Abenteuer Tiefschnee sprach mit der 36-Jährigen aus Ohlstadt bei Garmisch-Partenkirchen, für die die Allgäuer Alpen bis zur ihrer 7-Summits-of-Bavaria-Tour noch so etwas wie ein weißer Fleck auf der Landkarte waren, über das Projekt und den Skitouren-Boom.

7 Summits of Bavaria. Das hört sich an wie ein typisches Corona-Projekt. War es das?

Caja Schöpf: „Nein, überhaupt nicht. Die Idee entstand bereits 2019. Ich war schon in den entlegensten Ecken der Welt auf Ski unterwegs, kannte aber etliche Gebirgszüge in meiner Heimat Bayern noch nicht. So haben Ludwig (Karrasch) und ich eine Weile überlegt und kamen darauf, dass die in Bayern liegenden Teile der Alpen genau 7 Gebirgsgruppen sind. Da lag die Idee der 7 Summits of Bavaria auf der Hand.“

Wie sah euer Plan aus?

Caja Schöpf: „Wir wollten von den Allgäuer Alpen im Westen bis in die Berchtesgadener Alpen im Osten jeweils den höchsten Gipfel auf bayerischem Gebiet mit Tourenski besteigen. Wegen Schneemangel am Sonntagshorn und der Tatsache, dass der Watzmann im Nationalpark und somit tabu zum Filmen ist, mussten wir bei zwei Gipfeln auf Alternativen ausweichen.“

Schneemangel? Der vergangene Winter hatte doch ordentlich Schnee im Gepäck.

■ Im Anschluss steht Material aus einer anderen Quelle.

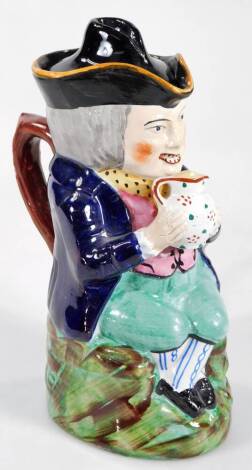 A late 19thC pottery coloured Toby jug and cover, possibly William Kent, polychrome decorated in blue, turquoise and green, 23cm H.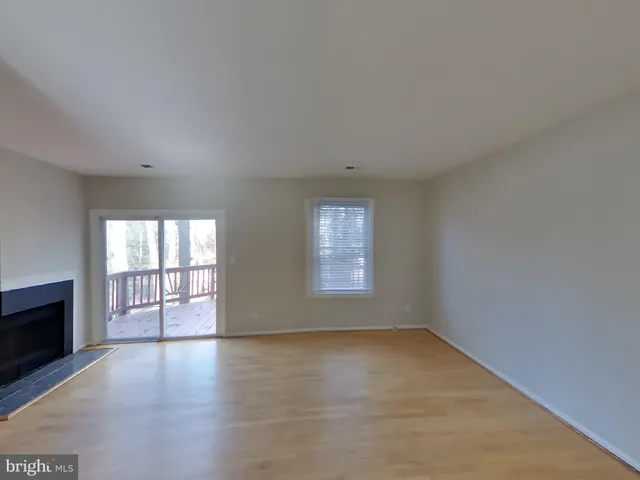 an empty room with windows and fireplace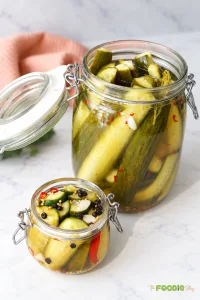 Homemade refrigerator dill pickles in two glass jars with garlic, dill, pickling spices, and red chili.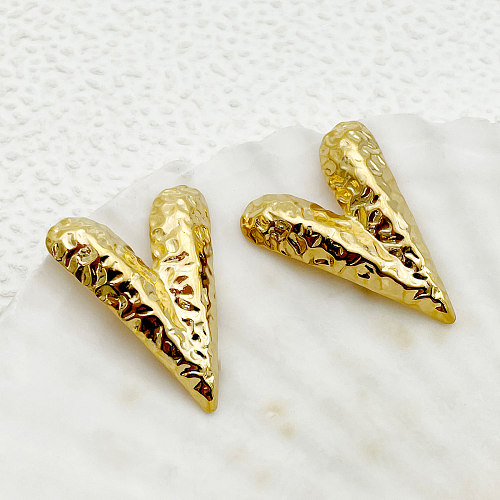 1 par de brincos de orelha banhados a ouro de aço inoxidável estilo simples romântico em formato de coração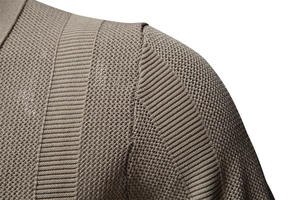 Close-up of the shoulder seam and textured knit pattern on this khaki striped polo shirt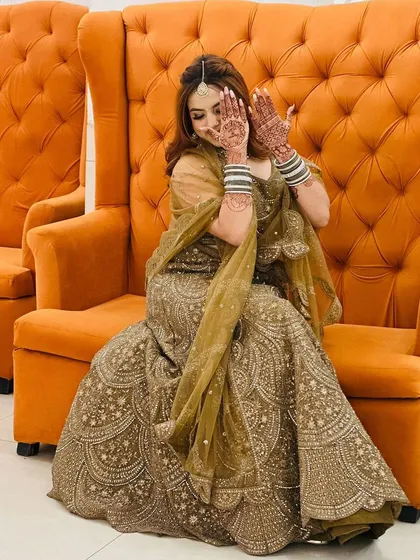 A shy bride showing off her beautiful henna. She is wearing a gorgeous olive-gold lehenga with intricate all-over embroidery, a perfect rental choice for a mehendi or the wedding day itself.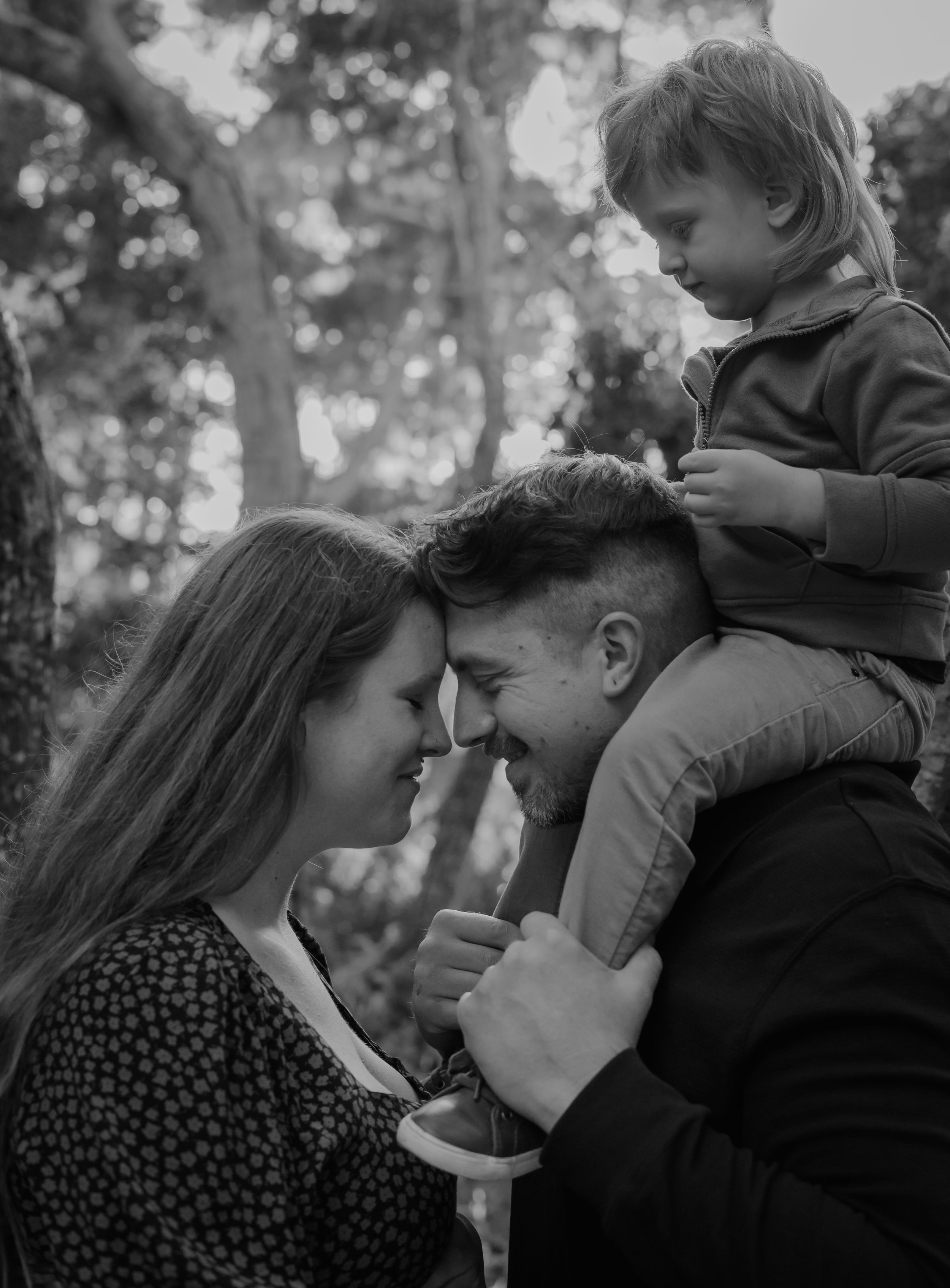 A tender black and white family portrait shows an intimate moment shared outdoors among trees.
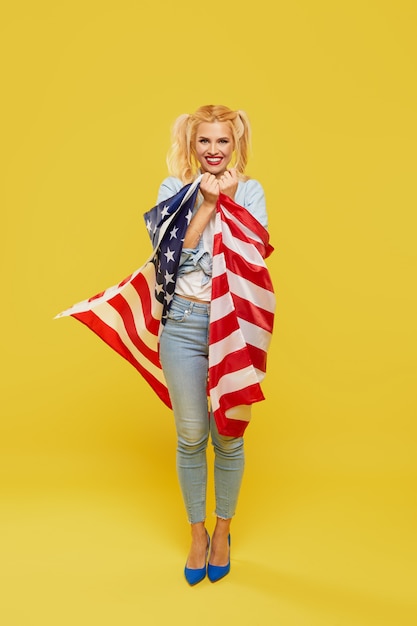 Mulher jovem feliz em roupas jeans, segurando a bandeira dos eua sobre fundo amarelo.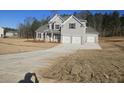 Beautiful home with gray siding, black shutters, large driveway and a two-car garage at 3292 Lions Ruby Ln, Atlanta, GA 30349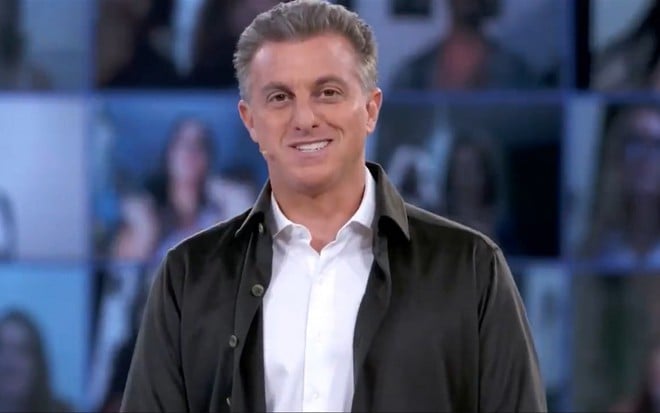 Luciano Huck, vestido com uma camiseta marrom, no estúdio de fundo azul de seu programa na Globo que vai ao ar nas tardes de sábado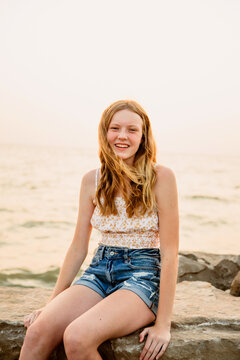 young woman on the beach shore
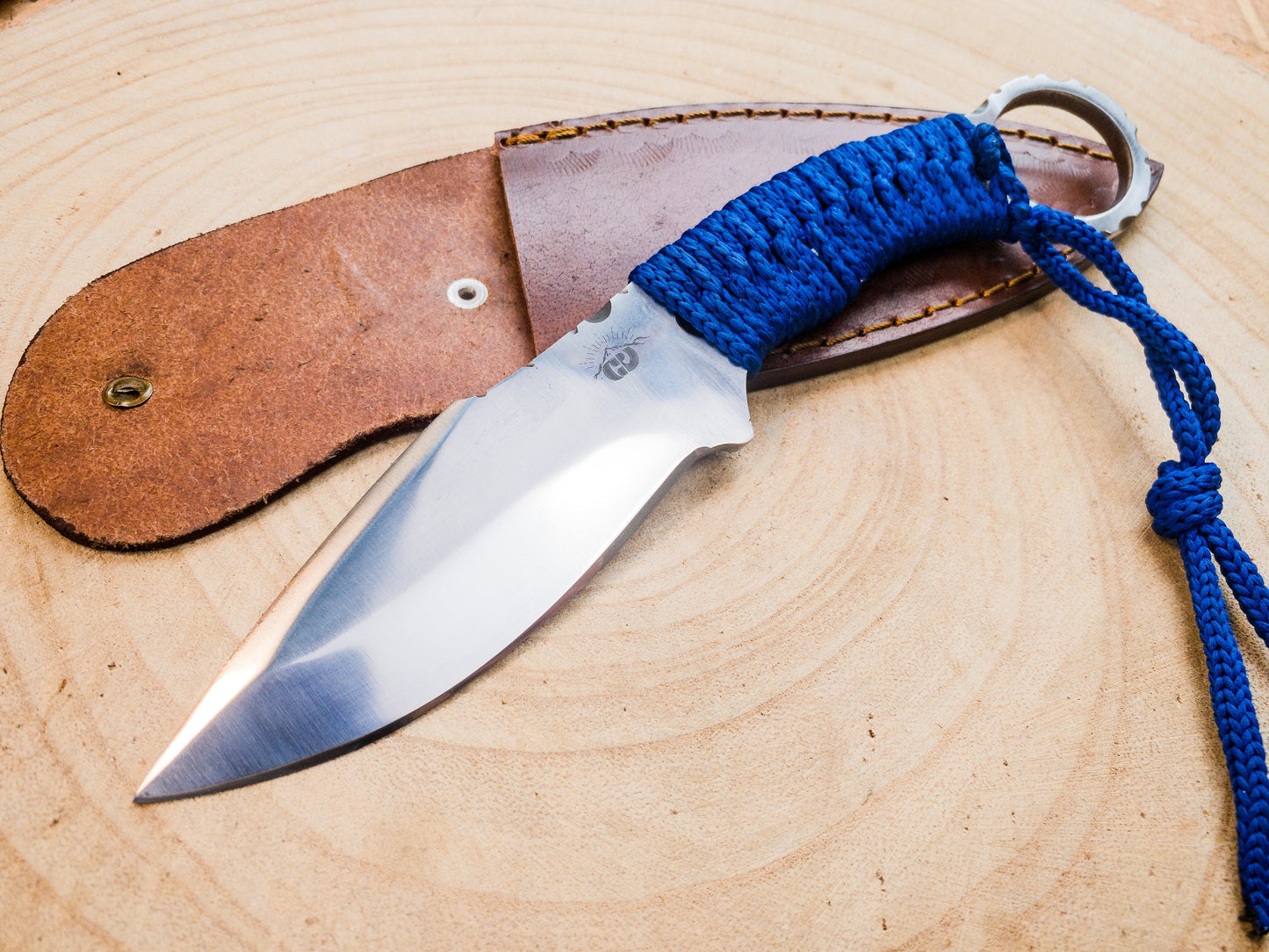 Hunting EDC knife handmade in 1085 steel, wrapped handle with finger wring hilt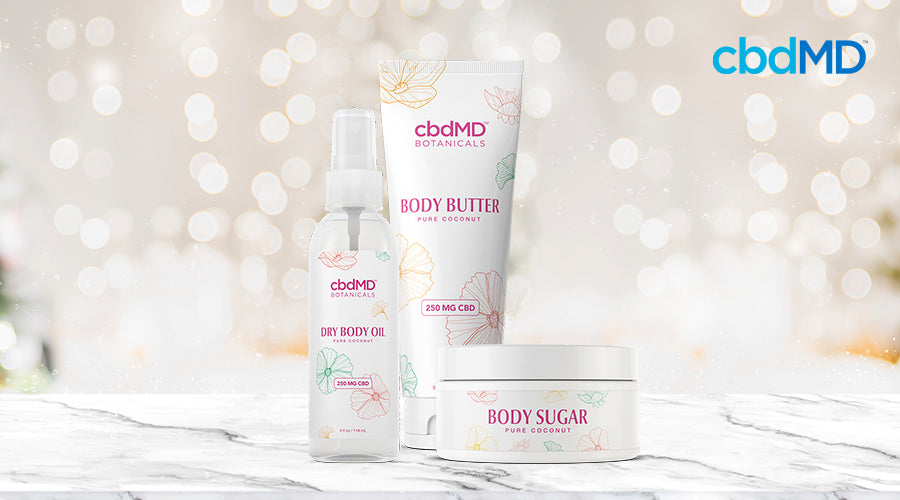 cbdMD botanicals dry body oil, body butter, and body sugar pure coconut containers.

Caja Schöpf: „Streckenweise schon, vor allem zum Ende hin. Bei unserem Projekt war es, was den Schnee betrifft, ehrlich gesagt eine Vollkatastrophe. Ausgerechnet Ende Februar, Anfang März hatten wir sehr bescheidene Verhältnisse. Wir haben den Kopf aber nicht in den Sand gesteckt und es genommen, wie es kam. Als alles vorbei war, kam der Winter. Es war trotzdem grandios.“

Was hat dich am meisten fasziniert?

Caja Schöpf: „Wir haben wunderbare Sonnenaufgänge und eine völlig menschenleere Zugspitze erlebt. Da nimmt man auch schlechten Schnee bei der Abfahrt oder gar keinen in den tieferen Lagen in Kauf. Manchmal war es eben mehr Wandern und Bergsteigen mit Steigeisen und den Brettern auf dem Rücken als Skitourengehen. Zum Teil haben wir auch das E-Bike für den Zustieg genommen. Es war trotz allem ein unglaubliches Erlebnis.“

Apropos unglaublich. Skitouren waren wegen großflächig geschlossener Skigebiete der absolute Trend im vergangenen Winter. Die Sportgeschäfte waren regelrecht leergekauft. Wie siehst du diese Entwicklung?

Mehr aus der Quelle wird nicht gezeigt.